在本機跑,速度很慢,爲了用上gpu,嘗試了google colab;在此推薦這款神器,一個方便遠程使用gpu跑機器學習任務的環境。

在多次訓練時,需要將數據拆分爲訓練集和驗證集,採樣時需要考慮數據的均勻性,即在不同特徵以及結果取值上的樣本都要覆蓋到,tensorflow提供的StratifiedKFold只考慮了結果值y的均勻性,所以自己實現了一個數據拆分類StratifiedKFoldByXColumnsYBin:

import numpy as np
import tensorflow as tf
import pandas as pd
import matplotlib.pyplot as plt
from StratifiedKFoldByXColumnsYBin import StratifiedKFoldByXColumnsYBin
import sys
sys.path.append('../')
from DeepFM import DeepFM


def data2index_values(dfTrain, feat_dict, cols, numeric_cols):
    dfTrain_i = dfTrain.copy()
    dfTrain_v = dfTrain.copy()
    for col in cols:
        if col not in numeric_cols:
            dfTrain_i[col] = dfTrain_i[col].map(feat_dict[col])
            dfTrain_v[col] = 1.
        else:
            dfTrain_i[col] = feat_dict[col]

    dfTrain_i = dfTrain_i.values.tolist()
    dfTrain_v = dfTrain_v.values.tolist()
    return dfTrain_i, dfTrain_v


# 向離散特徵轉換成one-hot形式
def data2sparse_matrix(X_train, X_test, numeric_cols):
    feat_dim = 0
    feat_dict = {}
    cols = X_train.columns
    for col in cols:
        us = dfTrain[col].unique()
        if col in numeric_cols:
            feat_dim += 1
            feat_dict[col] = feat_dim
        else:
            feat_dict[col] = dict(zip(us, range(feat_dim, len(us) + feat_dim)))
            feat_dim += len(us)

    return data2index_values(X_train), data2index_values(X_test), feat_dim


def train_and_predict(xTrain_i, xTrain_v, xTest_i, xTest_v, feat_dim):
    EPOCHES = 30
    folds = list(StratifiedKFoldByXColumnsYBin(columns=['gender', 'age', 'buy_cap'], n_splits=3, shuffle=True,
                                               random_state=2017).split(X_train, Y_train))
    y_train_meta = np.zeros((len(xTrain_v), 1), dtype=float)  # 訓練數據的預測結果
    y_test_meta = np.zeros((len(xTest_v), 1), dtype=float)  # 測試數據的預測結果
    loss_metrics_test = np.zeros(len(folds), dtype=float)  # 預測誤差度量
    epoch_loss_metrics_train = np.zeros((len(folds), EPOCHES), dtype=float)  # 訓練數據的預測誤差度量 folds * epoch
    epoch_loss_metrics_valid = np.zeros((len(folds), EPOCHES), dtype=float)

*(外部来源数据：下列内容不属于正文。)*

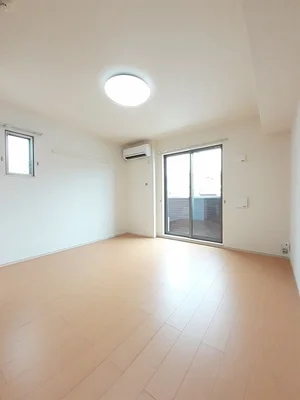 愛媛県のマンスリーマンション・ウィークリーマンション「ベネディーレ　Ⅱ 101・洋室(No.1371224)」メイン画像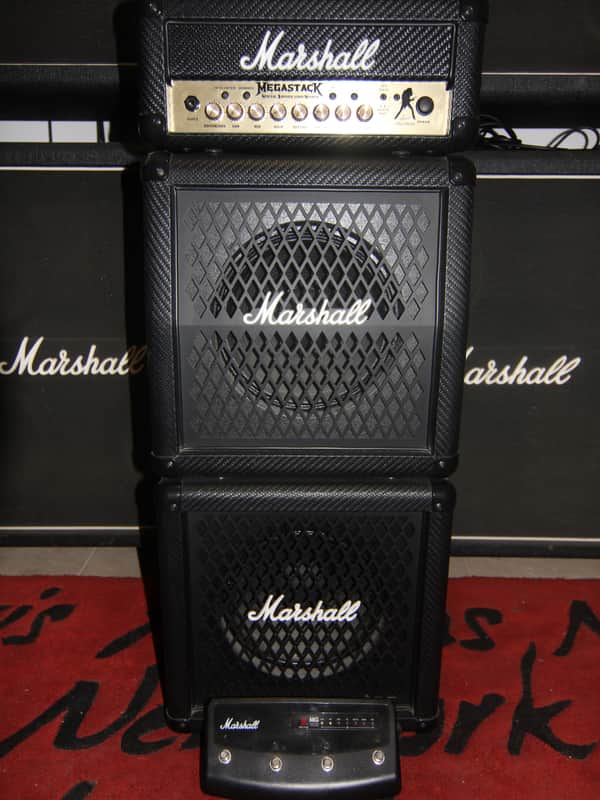 Marshall Megastack - Dave Mustaine Signature - Limited Edition image 1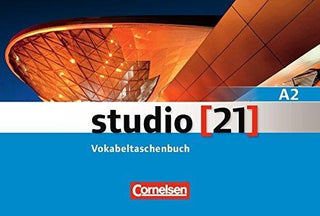 Studio [21] Grundstufe A2: Teilband 1. Vokabeltaschenbuch - Thryft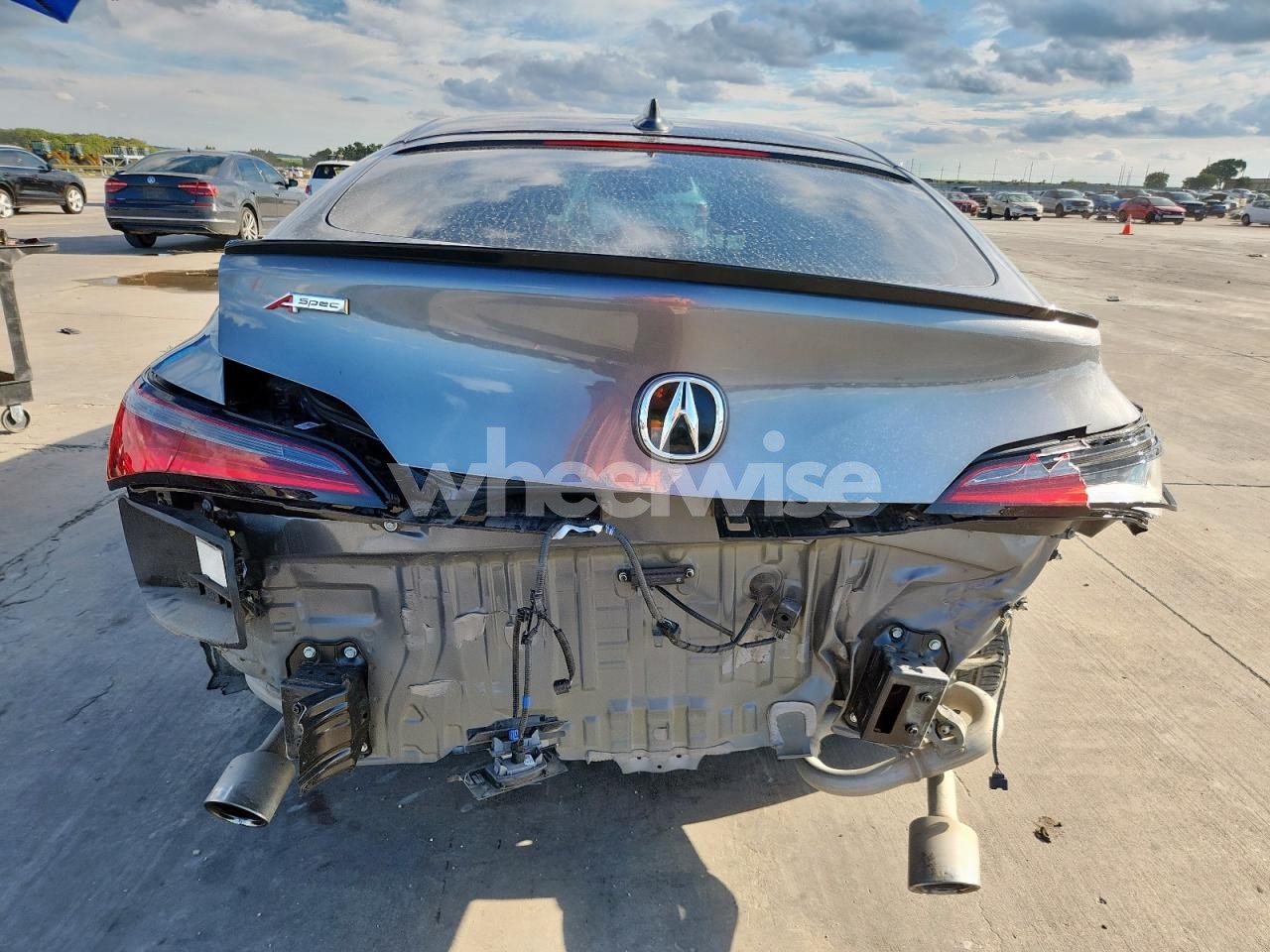 Photo 6 of 2023 ACURA INTEGRA A-SPEC N/A (VIN 19UDE4H34PA022808)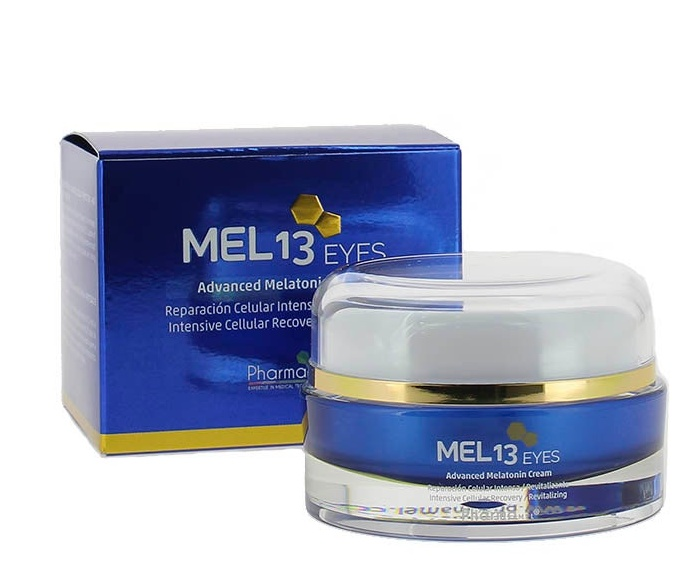 PharmaMel Mel 13 Contorno de Ojos Proteccion Celular Intensa 15 ml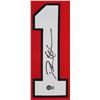 Image 2 : DEION SANDERS SIGNED ATLANTA FALCONS JERSEY - BECKETT COA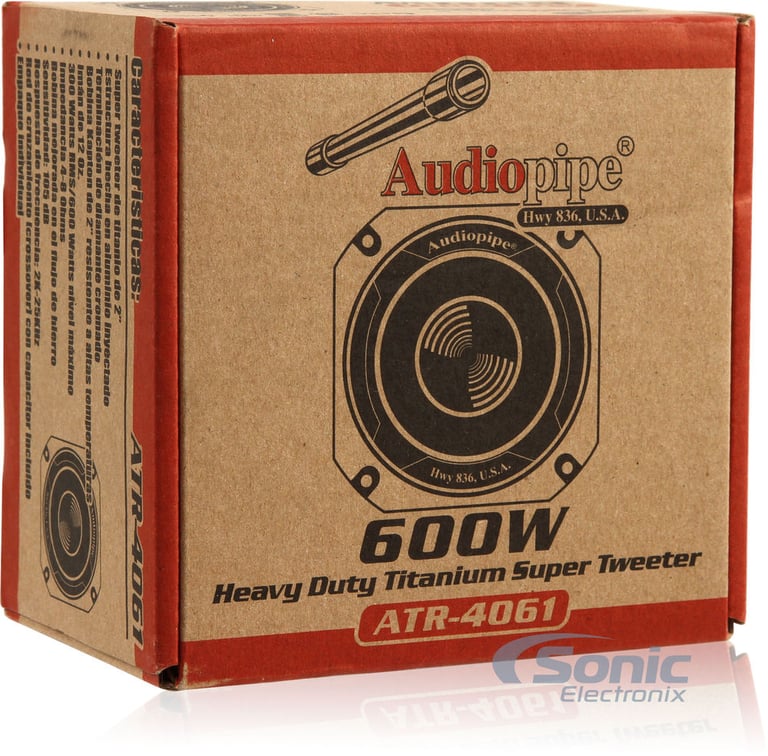 Audiopipe ATR-4061 Image 5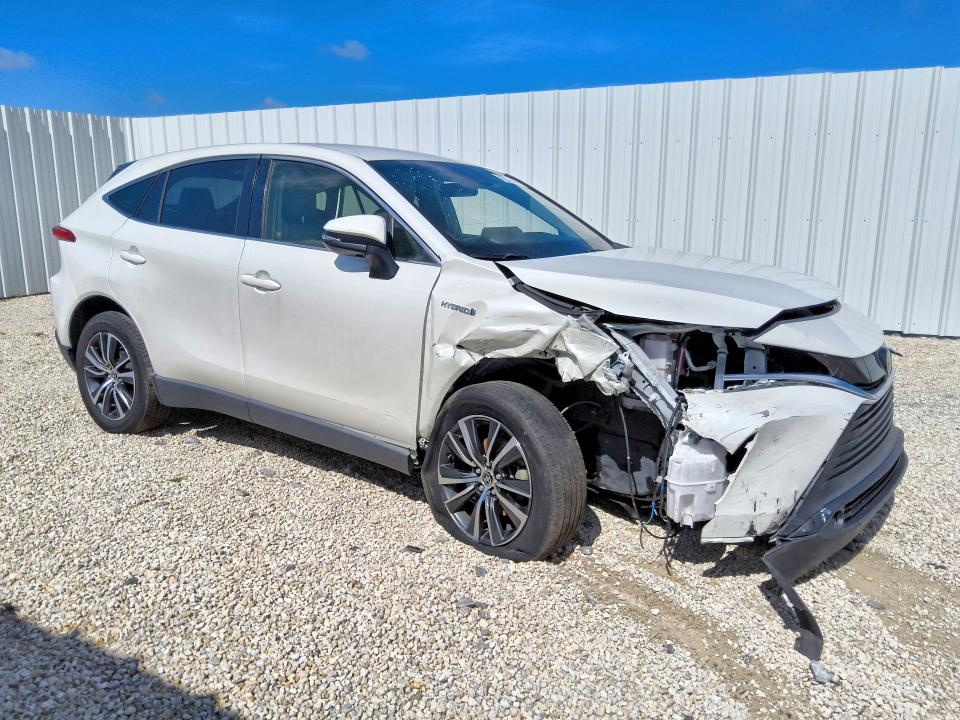 Продажа на аукционе авто 2021 Toyota Venza, vin: JTEAAAAH3MJ084239, номер лота: 58460566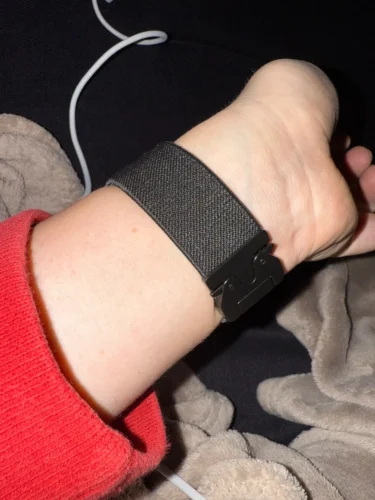 Click to view full screen AirWeave Nylone Strap photo review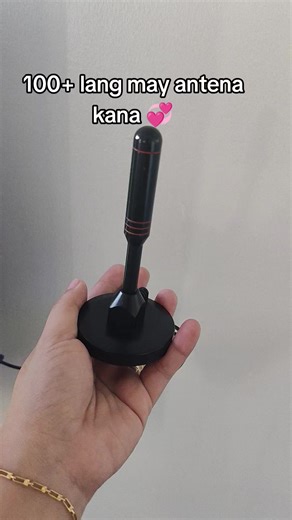 Hd Digital Indoor Amplified TV Features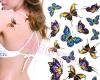 catalogo de tatuajes de mariposas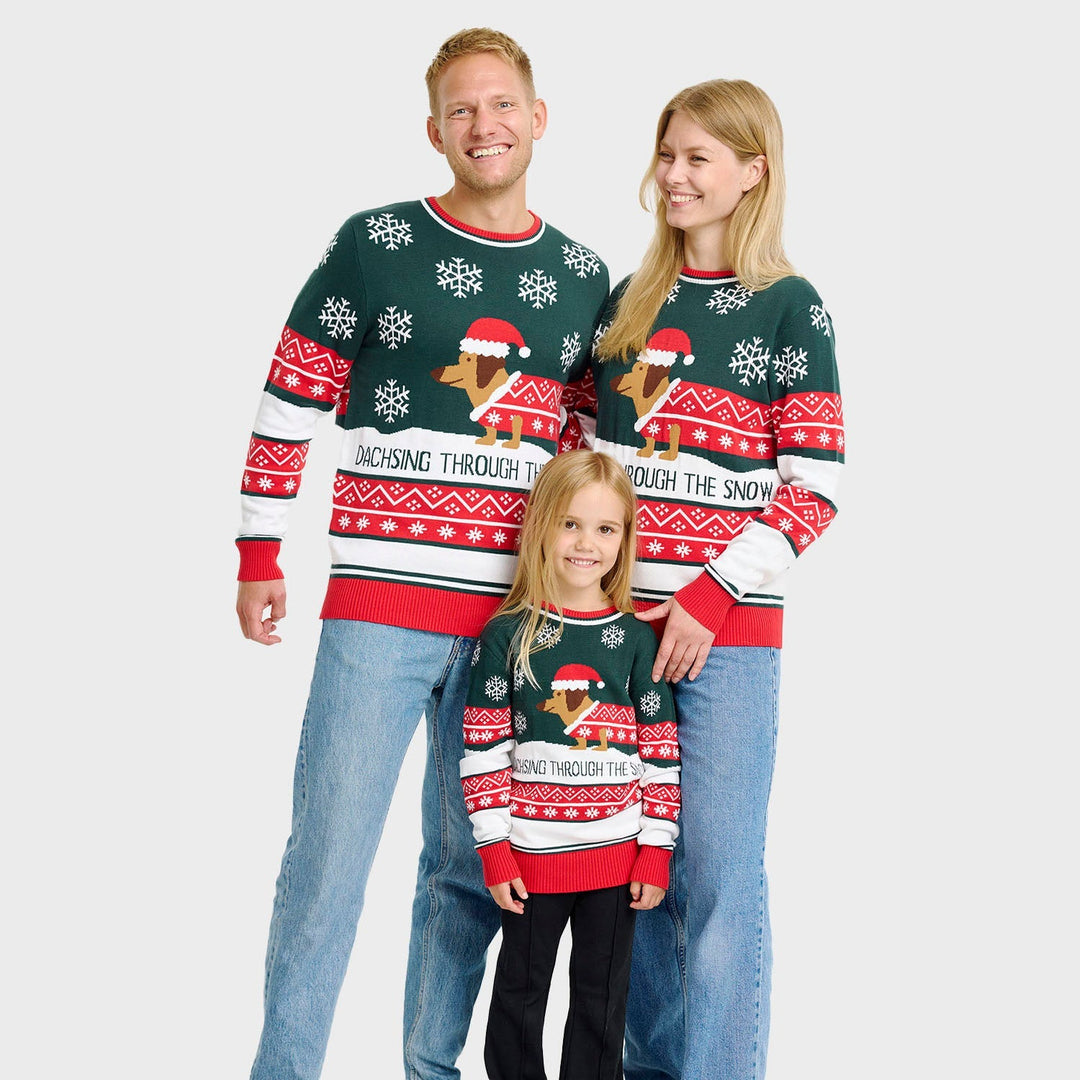 Mune | Dashing Around Christmas Sweater Men
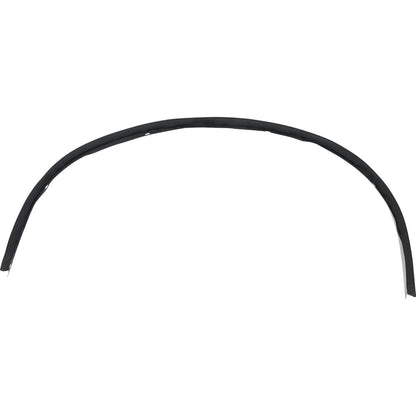 TR29164M - 1992-98 Ford F150, F250, F350, 1992-96 Bronco; Rear Wheel Opening Molding; Passenger Side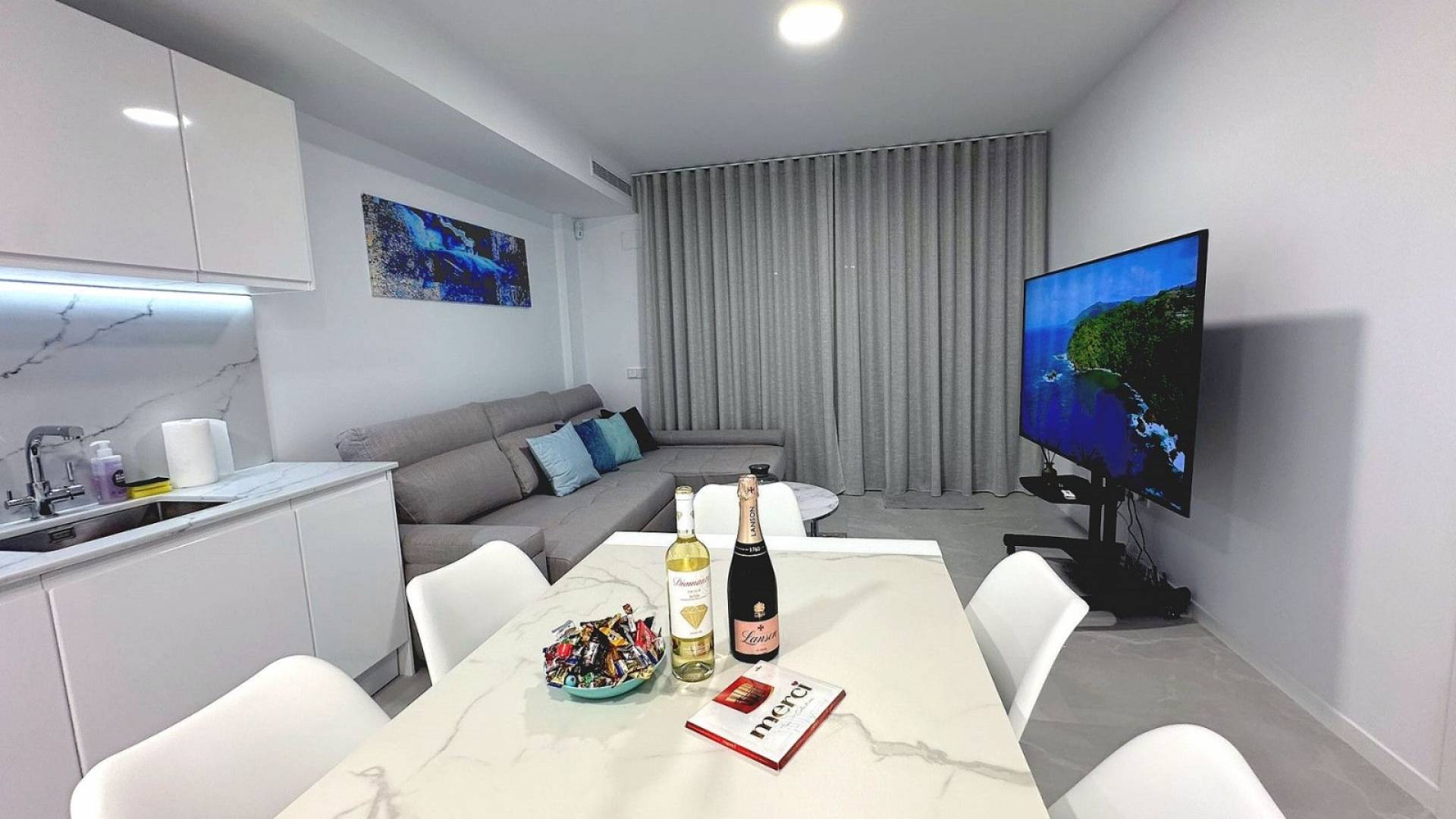 D'occasion - Duplex - Finestrat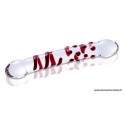 Godemichet en Verre Glass Dildo H-5151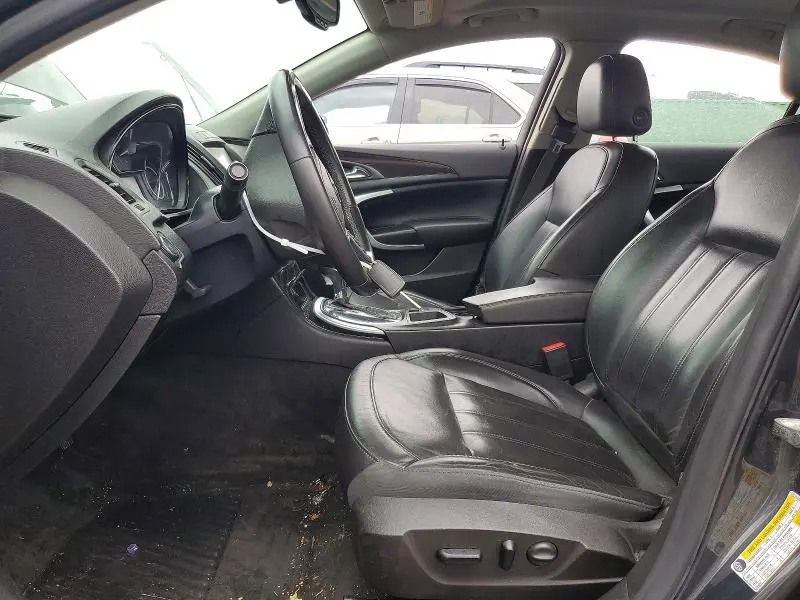 2015 BUICK REGAL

    for i, (train_idx, valid_idx) in enumerate(folds):
        dfm_params = {
            'use_fm': True,
            'use_deep': True,
            'embedding_size': 24,
            'dropout_fm': [1.0, 1.0],
            'deep_layers': [48, 16],
            'dropout_deep': [0.5, 0.5, 0.5],
            'deep_layers_activation': tf.nn.relu,
            'epoch': 30,
            'batch_size': 1024,
            'learning_rate': 0.001,
            'optimizer_type': 'adam',
            'batch_norm': 1,
            'batch_norm_decay': 0.995,
            'l2_reg': 0.01,
            'verbose': True,
            'eval_metric': lambda actual, predict: ((np.array(actual) - np.array(predict)) ** 2).sum() / len(actual),
        # 預測結果度量方式
            'random_seed': 2017,
            'greater_is_better': False,
            'loss_type': 'mse',
            "feature_size": feat_dim,  # 特徵數
            "field_size": len(xTrain_v[0])  # 字段數
        }
        dfm = DeepFM(**dfm_params)

        # 拿到feature_index feature_value label
        _get = lambda x, l: [x[i] for i in l]
        Xi_train_, Xv_train_, y_train_ = _get(xTrain_i, train_idx), _get(xTrain_v, train_idx), _get(Y_train,
                                                                                                      train_idx)
        Xi_valid_, Xv_valid_, y_valid_ = _get(xTrain_i, valid_idx), _get(xTrain_v, valid_idx), _get(Y_train,
                                                                                                      valid_idx)
        dfm.fit(Xi_train_, Xv_train_, y_train_, Xi_valid_, Xv_valid_, y_valid_)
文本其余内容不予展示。